The road alongside the Houses of Parliament, with Westminster Abbey opposite, is Old Palace Yard. The first statue is Oliver Cromwell, a somewhat over-fussy work by Hamo Thornycroft dating from 1899. It looks good from the front (note the small lion below) but is too 'chunky' when seen obliquely. On the same side is the impressive Richard the Lionheart (1860) by Marochetti. He is seated on his horse, with sword raised, and the whole effect is greatly heroic, although the Art Journal commented that it was 'a fine statue, but one which is so entirely unfinished that we should never regard it otherwise than as a sketch'. The position is not good, and it must be borne in mind that the earlier version of this statue stood facing outwards in front of the Great Exhibition building. On the opposite side is a thick and heavy statue of George V, not very imaginative, made of a highly fossiliferous limestone. The sculptor was William Reid Dick (1947). By way of contrast is Henry Moore's lumpy abstraction Knife Edge - Two Piece (1962). Over everything looms the Palace of Westminster itself, by the architects Barry and Pugin, which presumably is the ultimate in 'Victorian Gothic'. The Victoria Tower is covered with sculptural detail and many many stone figures in medieval fashion, designed by Pugin and successful by means of their number and arrangement. They can be examined most closely at the public entrance to the House of Commons, and looking into the base of the Victoria Tower.

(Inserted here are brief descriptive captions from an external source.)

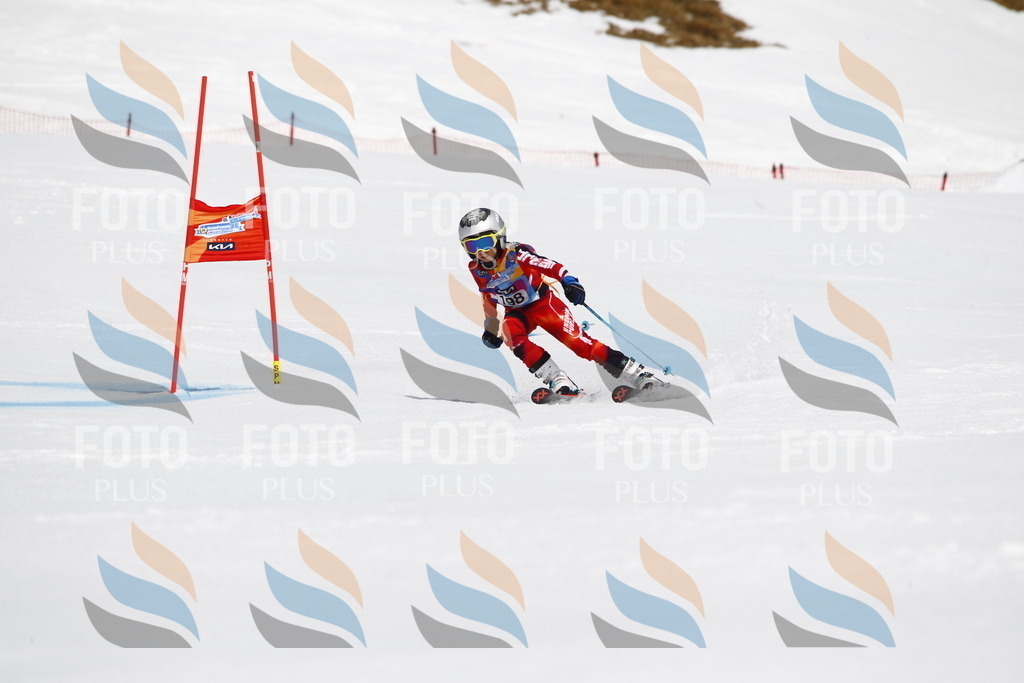 _U3G5151 | holidayphoto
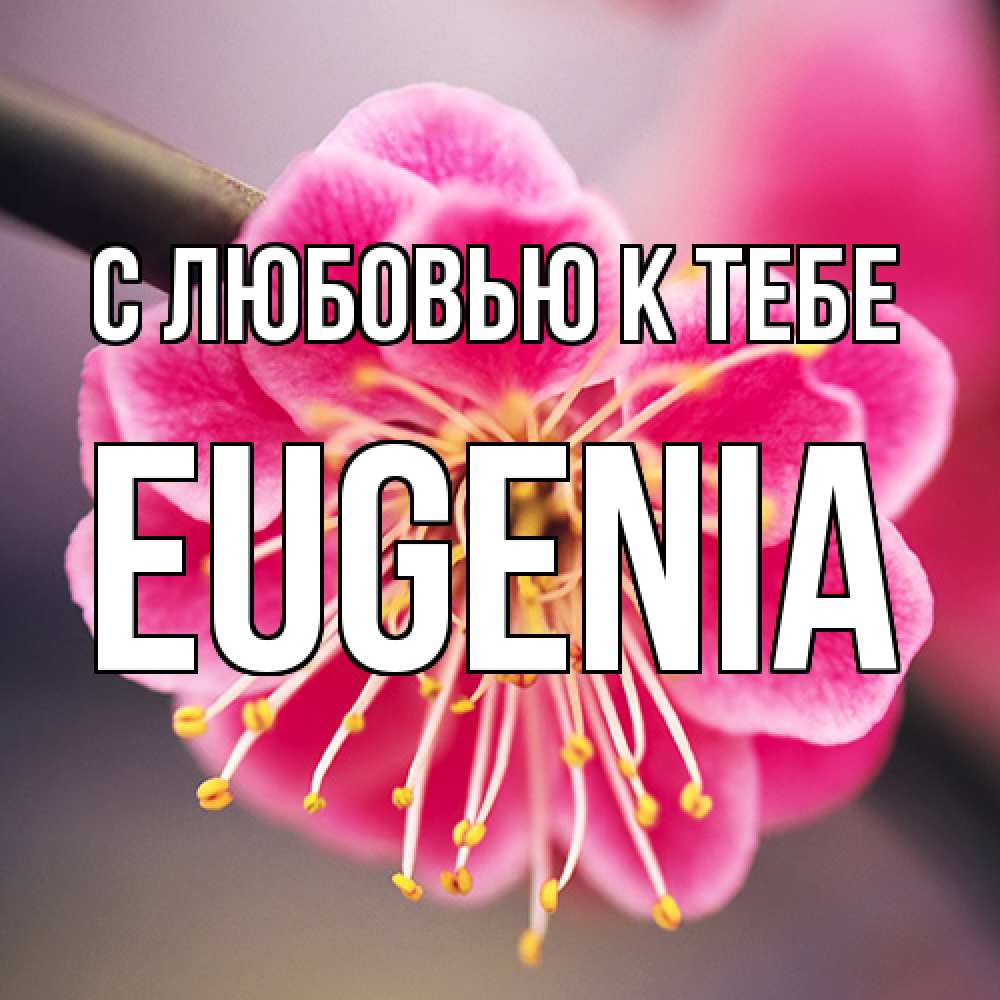 Открытка  с именем. eugenia, С любовью к тебе  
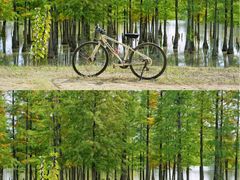 -白鹭湾湿地公园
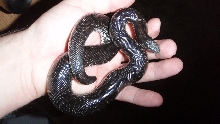 Eryx miliaris nogaiorum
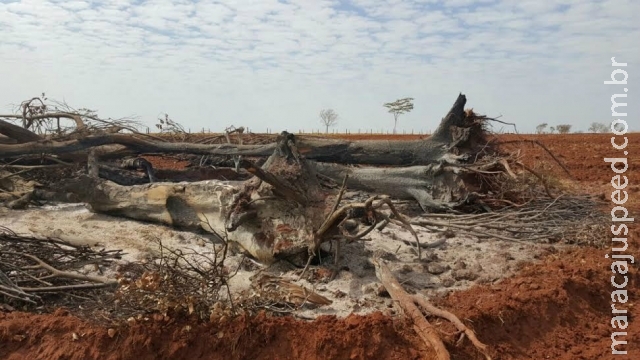 PMA autua fazendeiro em R$ 111 mil por incêndio em leiras de 1.112 hectares de vegetação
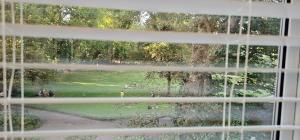 Central Apartment Brighton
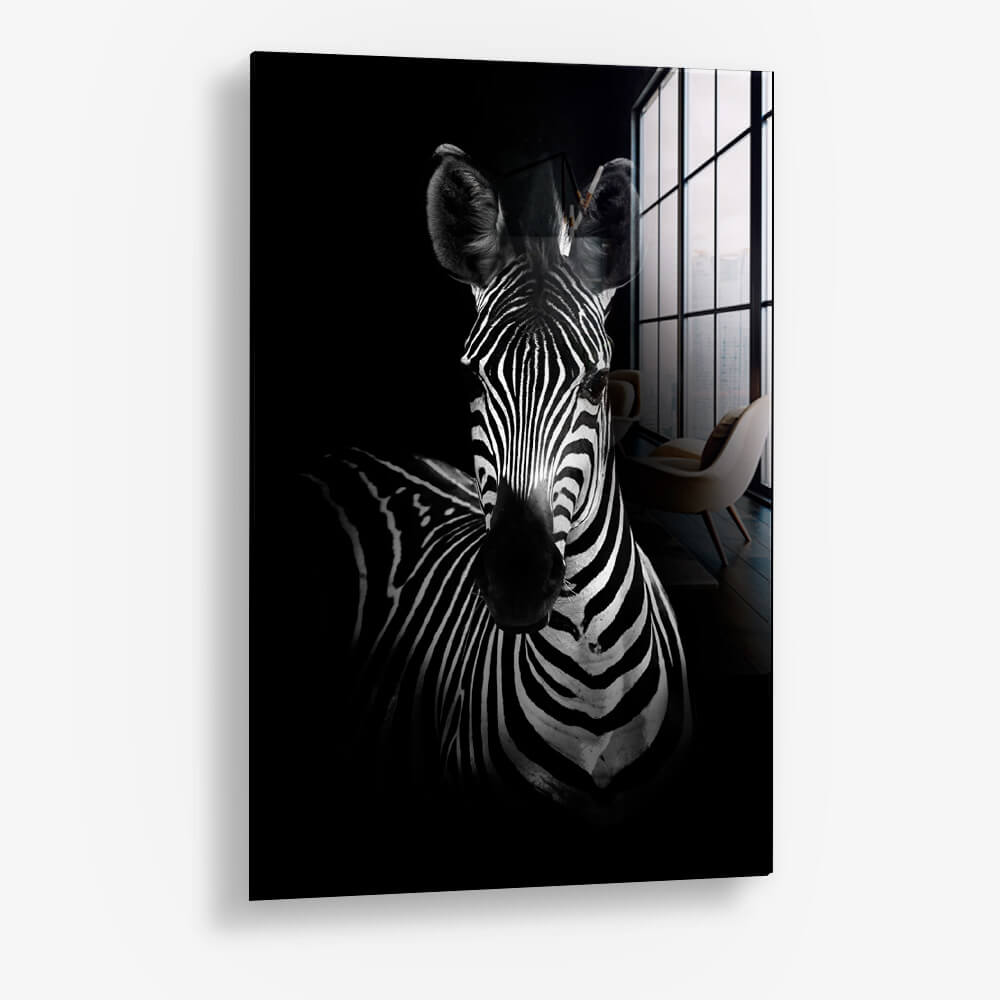 The Zebra – Vetro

Proceeding further, Victoria Tower Gardens is the small open space behind the Houses of Parliament, fronting on to the River Thames. There is an important sculptural group here, The Burghers of Calais (1895) by Rodin, placed here in 1915. As well, a not very grand statue of Mrs Pankhurst, the Suffragette, by A. G. Walker and dating from 1930. Walking away from the Houses of Parliament end leads one to the Buxton Memorial Fountain, a shrinelike construction made from a variety of coloured granites and softer stones, with floral decorations, gargoyle lizards, colourful miniature mosaics of animals and birds. The whole effect is most jewel-like. The construction dates from 1865, and it was only moved to its current position in 1957, having been at Parliament Square until 1940. It is by the interesting Gothic architect S. S. Teulon. The furthest end of the Gardens has a stone wall with two modern style goats with kids, and gives a good view back towards the Houses of Parliament.
The buildings along the road next to the Gardens (Millbank) are worth a look. Walking back from the far end, first is the ICI building (by the architect F. Baines, 1928). High up are sombre stone figures, and there are various heads, shells and peacocks above the principal windows. The main entrance has a recessed low relief bronze Britannia, a bearded crowned head above the door (one of the better of its ilk) and amusing water-horses to either side. W. B. Fagan was the artist. No. 4 Millbank has stone figures seated above the door at the corner to Great Porter Street; they are somewhat idiosyncratic, comprising a male nude with axe, and a female draped figure with over-brawny arm and a nicely exploratory toe on her outstretched foot. The sculptor was Albert Hodge.